Early Learning Caught in the Budget Squeeze

The recession threatens to take a bite out of Washington state’s efforts to bolster early learning, with legislators proposing cuts in a state-run preschool program for poorer families, child care referrals and support for family caregivers.

It is a tight spring in the state capitol as lawmakers struggle to close an almost $9 billion budget deficit.

To help close the gap, the Senate budget plan calls for cutting spending on the Early Childhood Education and Assistance program by 2.1 percent – eliminating 165 preschool spaces for children – while the House version trims payment rates for providers by the same percentage, according to an analysis by Seattle-based Children’s Alliance.

Both versions contain other early education losses, cutting $1.7 million from child care referral and support networks and halting Early Childhood Apprenticeships, according to the interest group.

Washington’s early learning dilemma mirrors debates occurring in state capitols around the country. Even as policymakers pay closer attention to child care issues, they have little or no money to spare thanks to multi-billion-dollar state budget shortfalls driven by plummeting tax revenues.

But, advocates argue that cutting services to poor families during this historic economic contraction sets logic on its head, since more families will fall into poverty as they lose their jobs.

“Tough times (are) not the time to cut services for children,” Jon Gould, deputy director of Children’s Alliance, said in an interview.

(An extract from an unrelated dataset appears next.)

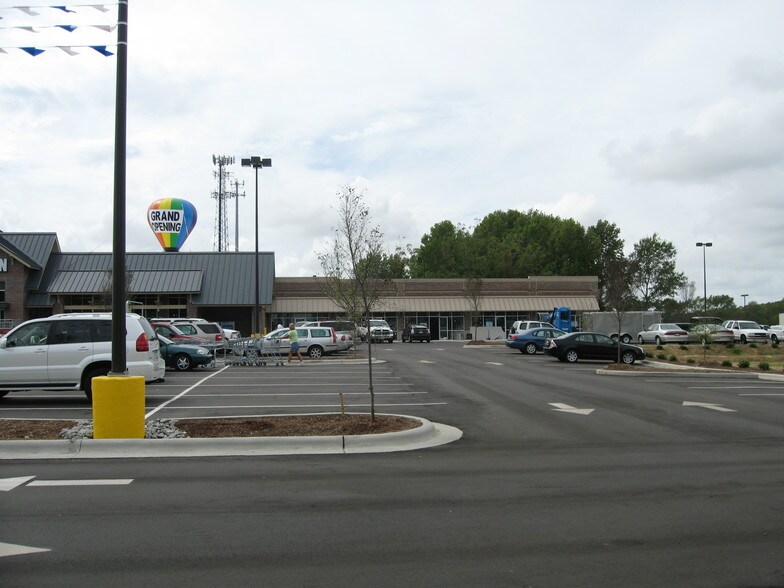 More Photos Of 1805 Weeksville Rd, Elizabeth City Freestanding For Lease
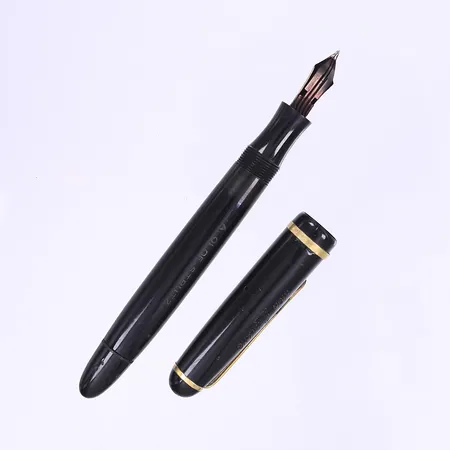 Penna Mont Blanc, 14K i stiftet, ej funktionstestad, gravyr, hårt bruksslitage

Yet, early learning initiatives are faring relatively well in this budget crunch compared to other services and programs, in part because Gov. Christine Gregoire has made the issue a top priority.

There is even good news tucked into one of the tightest budgets in awhile. Both plans contain support for the field test that’s already under way of the state’s system to improve the quality of both home-based and center-based licensed child care. Plus, the House includes money to keep work going on a kindergarten readiness program.

The federal government will take some sting out of any cuts by sending $22 million in Child Care Development Funds to the state as part of the newly-enacted economic stimulus package.

The budget is far from done, however. The size, shape and even types of cuts in early learning programs are not guaranteed. House and Senate legislators now need to reconcile their two versions and pass a final package, with a vote expected in the next few weeks. The last day of the 2009 legislative session is scheduled for April 26.